Information on how to further customize to modelling of the outputs can be found here.

Select a matching SampleEvaluator

There is one important caveat. Some examples consist of a fixed data set, some are implemented as a Matlab function, others as a C++ executable, etc. When running a different example you have to tell the SUMO Toolbox how the example is implemented so the toolbox knows how to extract data (eg: should it load a data file or should it call a Matlab function). This is done by specifying the correct SampleEvaluator tag. The default SampleEvaluator is:

<SampleEvaluator>matlab</SampleEvaluator>

So this means that the toolbox expects the example you want to run is implemented as a Matlab function. Thus it is no use running an example that is implemented as a static dataset using the 'matlab' or 'local' sample evaluators.

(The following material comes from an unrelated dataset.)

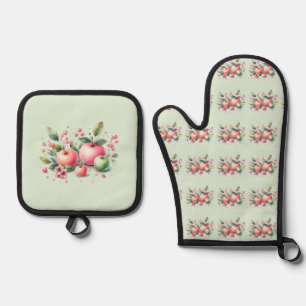Ensemble De Gant De Cuisine Et De Manique Thème de pomme de verger de style campagnard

Doing this will result in an error. In this case you should use 'scatteredDataset' (or sometimes griddedDataset).

To see how an example is implemented open the XML file inside the example directory and look at the

<Implementation>

tag. To see which SampleEvaluators are available see Config:SampleEvaluator.

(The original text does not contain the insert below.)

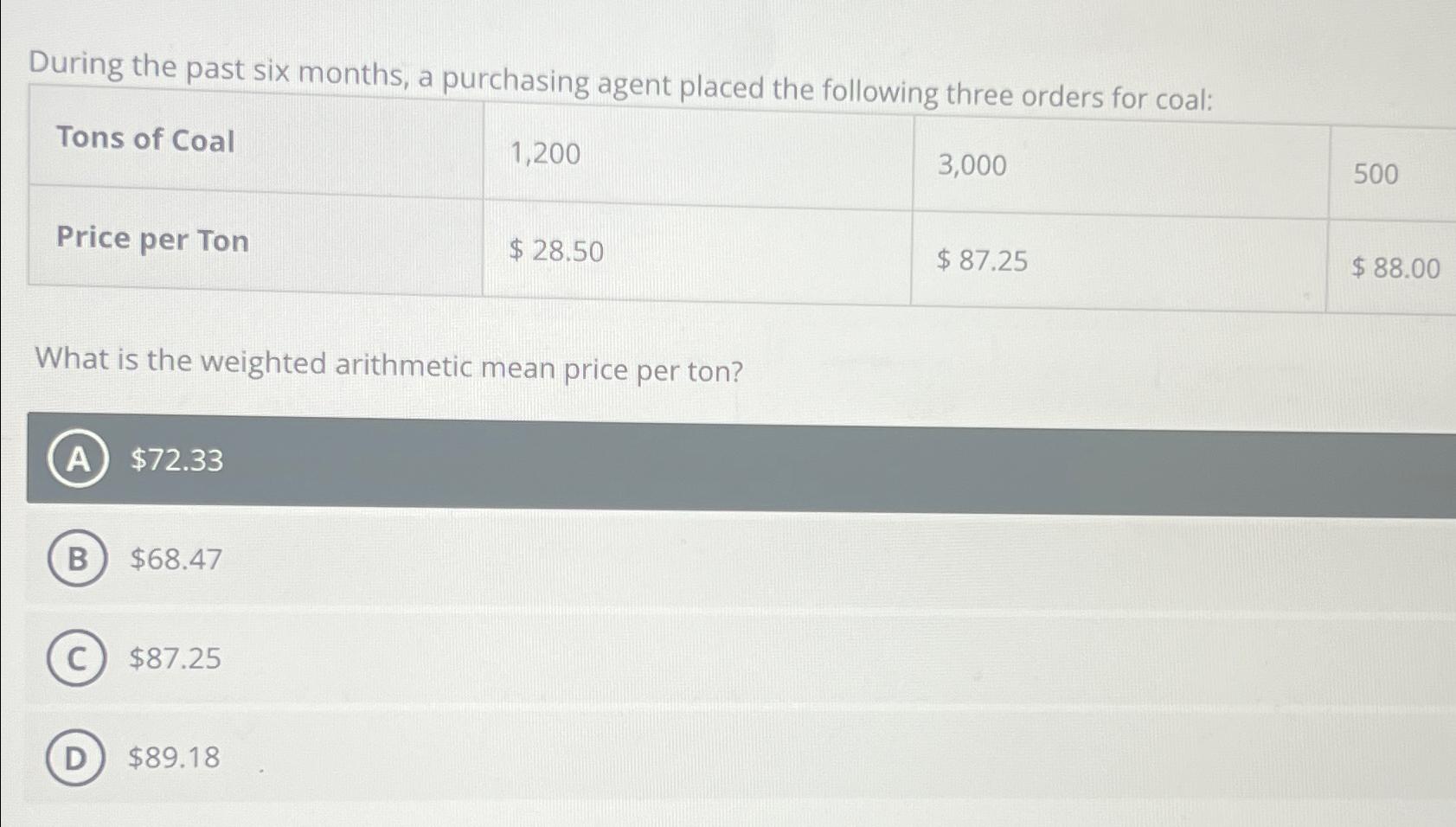  During the past six months, a purchasing agent placed the following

Select an appropriate AdaptiveModelBuilder

Also remember that if you switch to a different example you may also have to change the Config:AdaptiveModelBuilder used. For example, if you are using a spline model (which only works in 2D) and you decide to model a problem with many dimensions (e.g., CompActive or BostonHousing) you will have to switch to a different model type (e.g., any of the SVM or LS-SVM model builders).

Switch off Sample Selection if not needed

If you are modeling a fixed, small size dataset it may make no sense to select samples incrementally. Instead you will probably load all the data at once and only generate models. See Adaptive_Modeling_Mode for how to do this.

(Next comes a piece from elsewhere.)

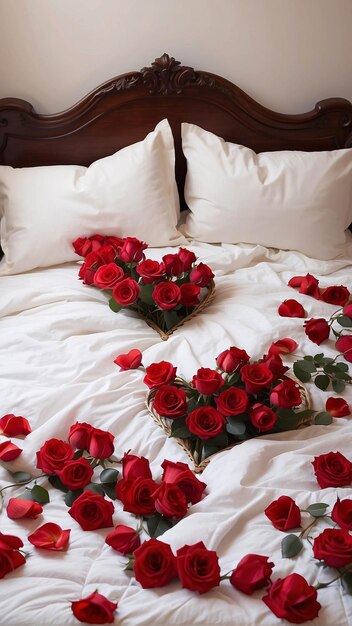 Red Roses on White Bed Sheet with Petals Scattered Romantic Bed Arrangement Background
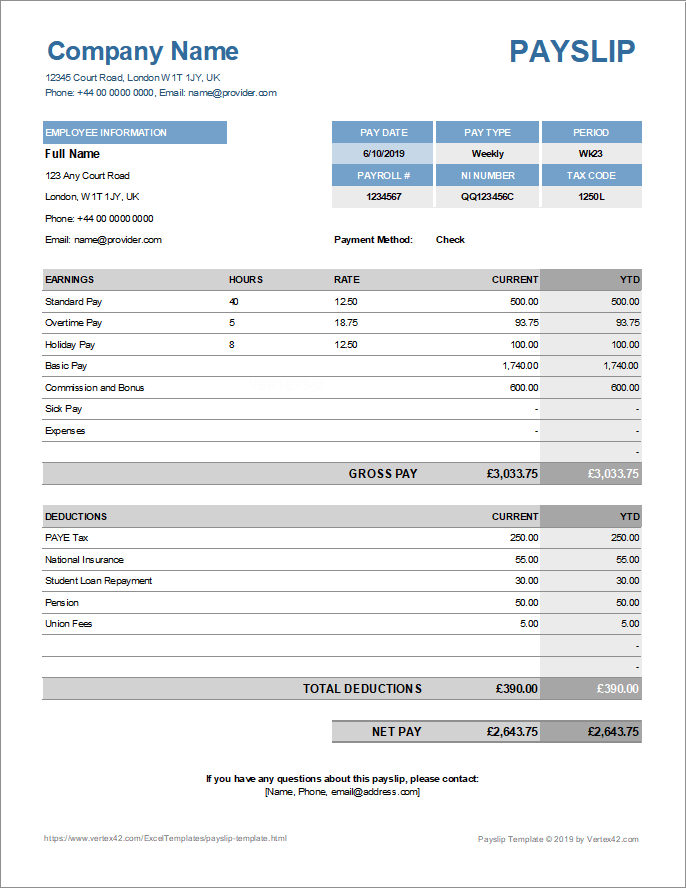 example of a valid pay slip document to verify your income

Finally the question may remain, what settings should I use for my problem? Well there is no best answer to this question, see General_guidelines.

Running different configuration files

If you just type "go" the SUMO-Toolbox will run using the configuration options in default.xml. However you may want to make a copy of default.xml and play around with that, leaving your original default.xml intact. So the question is, how do you run that file? Lets say your copy is called MyConfigFile.xml. In order to tell SUMO to run that file you would type:

go('/path/to/MyConfigFile.xml')

The path can be an absolute path, or a path relative to the SUMO Toolbox root directory. To see what other options you have when running go type help go.

Remember to always run go from the toolbox root directory.

Merging your configuration

If you know what you are doing, you can merge your own custom configuration with the default configuration by using the '-merge' option. Options or tags that are missing in this custom file will then be filled up with the values from the default configuration. This prevents you from having to duplicate tags in default.xml. However, if you are unfamiliar with XML and not quite sure what you are doing we advise against using it.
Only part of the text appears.